Exercise requirements → Copy out and return the lines from the one holding "This European country" to the end of the listing below, both included, omitting the pictures.

Data records →
----

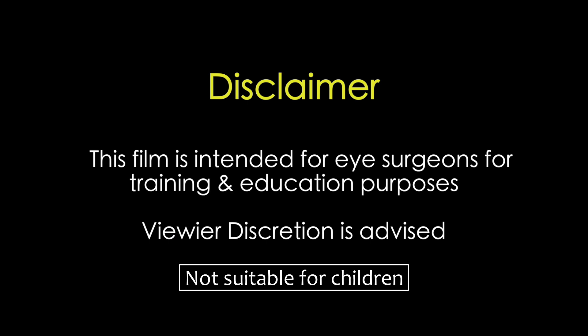This film is intended for eye surgeons for training and education purposes. Viewer discretion is strongly recommended.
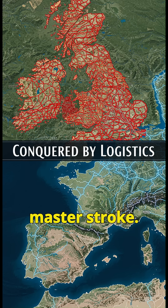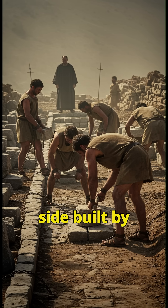2. Military masterstroke. These weren't just roads — they were war weapons. Straight paths let legions march 25 miles per day. Even today, European highways follow Roman routes. Dark side? Built by slaves and prisoners, with mile markers counting steps to execution sites.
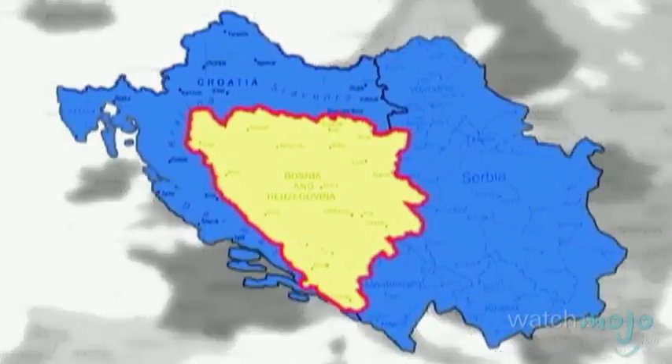This European country is nicknamed the heart-shaped land. I'm Rebecca Brayton and welcome to WatchMojo.com. Today we'll be learning more about a few of the landmarks and activities you should check out on your next visit to Bosnia-Herzegovina.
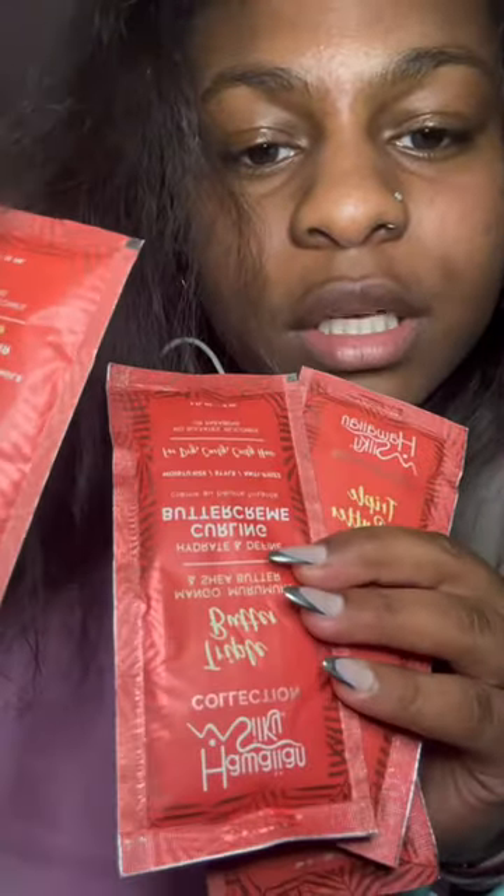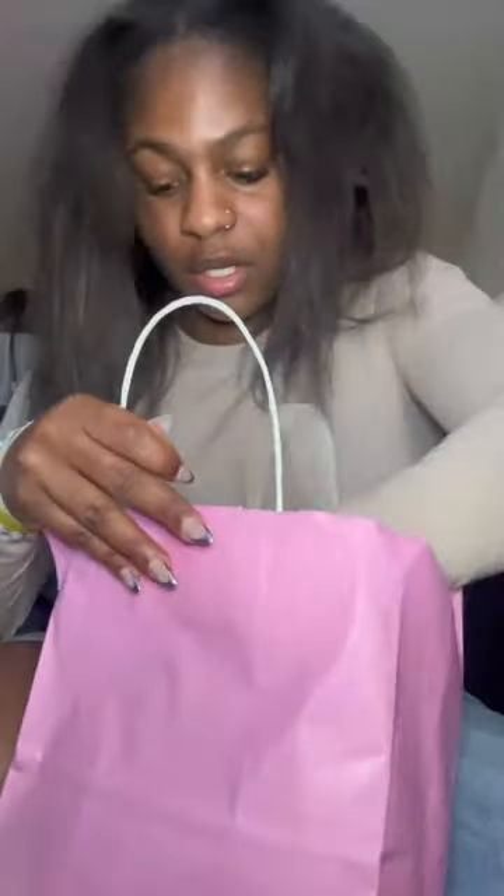These are really cute though — I want to try all of these because I'm really big on hair products. Obviously I got a lot of hair. But y'all, it was so hot in there.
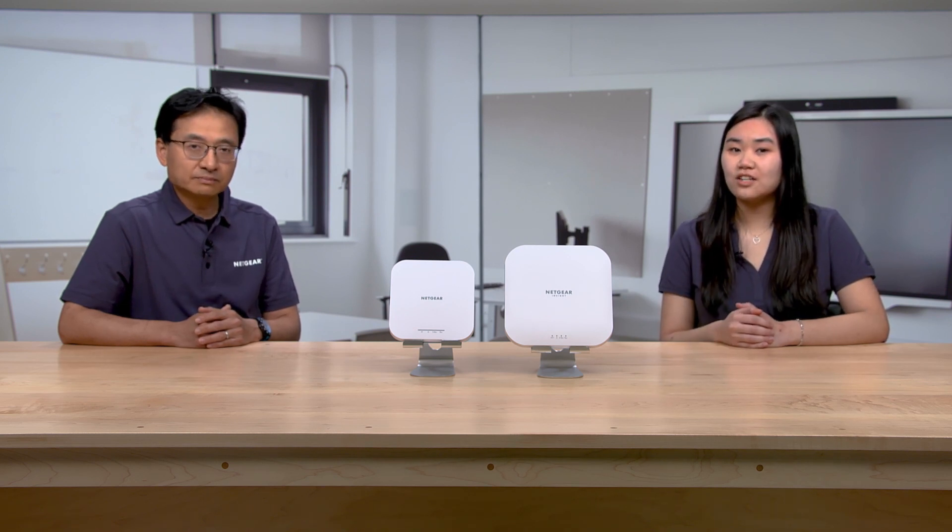I was talking to a customer today and he had a few questions about wireless solutions. Can you help me with some of these questions? Thank you. So the customer I talked to today, his name was Alvin. He is an IT manager at a medium-sized business and his business is expected to grow pretty fast. And he needs help deciding what Wi-Fi to use for next year.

----

Task result →
This European country is nicknamed the heart-shaped land. I'm Rebecca Brayton and welcome to WatchMojo.com. Today we'll be learning more about a few of the landmarks and activities you should check out on your next visit to Bosnia-Herzegovina.
These are really cute though — I want to try all of these because I'm really big on hair products. Obviously I got a lot of hair. But y'all, it was so hot in there.
I was talking to a customer today and he had a few questions about wireless solutions. Can you help me with some of these questions? Thank you. So the customer I talked to today, his name was Alvin. He is an IT manager at a medium-sized business and his business is expected to grow pretty fast. And he needs help deciding what Wi-Fi to use for next year.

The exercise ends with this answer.